0:06:04 > 0:06:06Don't believe me? Then watch as the rocks

0:06:06 > 0:06:08bounce off these cheery bobbies.

0:06:08 > 0:06:11Boing, boing, boing.

0:06:11 > 0:06:13Doesn't look too painful to me.

0:06:17 > 0:06:18Here's The Matrix Reloaded,

0:06:18 > 0:06:21and what looks like Hull town centre at kicking-out time.

0:06:21 > 0:06:22More!

0:06:22 > 0:06:24But look at Neo's bendy pole.

0:06:24 > 0:06:27Neo, if you're going to single-handedly take on these bad guys,

0:06:27 > 0:06:29I'd recommend something with a bit less give.

0:06:36 > 0:06:39Now, comic book caper, Spider-man,

0:06:40 > 0:06:45in which these two Lycra-clad men have a fight to decide who's the campest guy in town.

0:06:46 > 0:06:51Spidey shoves Goblin against a solid brick wall.
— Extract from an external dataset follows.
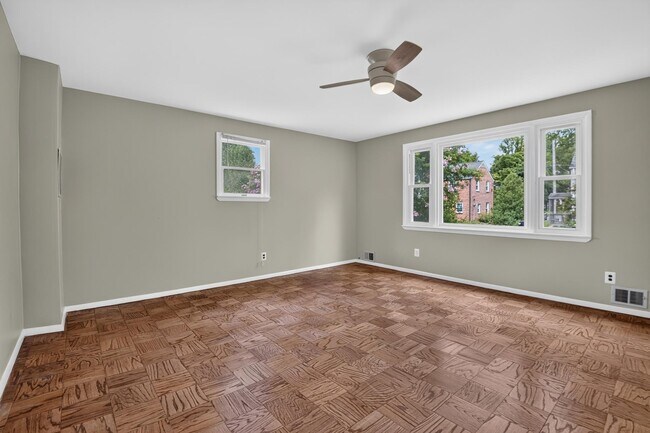 Building Photo - 9315 Linden Ave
And look! It wobbles.

0:06:54 > 0:06:58It's not the Goblin you should be punching, it's your set designer!

0:07:01 > 0:07:06Ghost Town now, and Ricky Gervais's first big Hollywood film.

0:07:06 > 0:07:07He plays Bertram Pincus,

0:07:07 > 0:07:09a man who has the annoying ability to see ghosts.

0:07:09 > 0:07:14But what annoys me is the puerile errors like this.

0:07:14 > 0:07:16The medicine bottle here says one tablet a day.

0:07:16 > 0:07:20But what's this? There's quite clearly liquid in the bottle.

0:07:20 > 0:07:22The fools!

0:07:25 > 0:07:28For those of you who've never shot a dog with a gun,

0:07:28 > 0:07:30take it from someone who knows.

0:07:31 > 0:07:34This prop of a dead dog from Oscar-winning No Country For Old Men

0:07:34 > 0:07:36isn't the most realistic.

0:07:37 > 0:07:41I've made better ones from an old pillow case, crayons and gravel.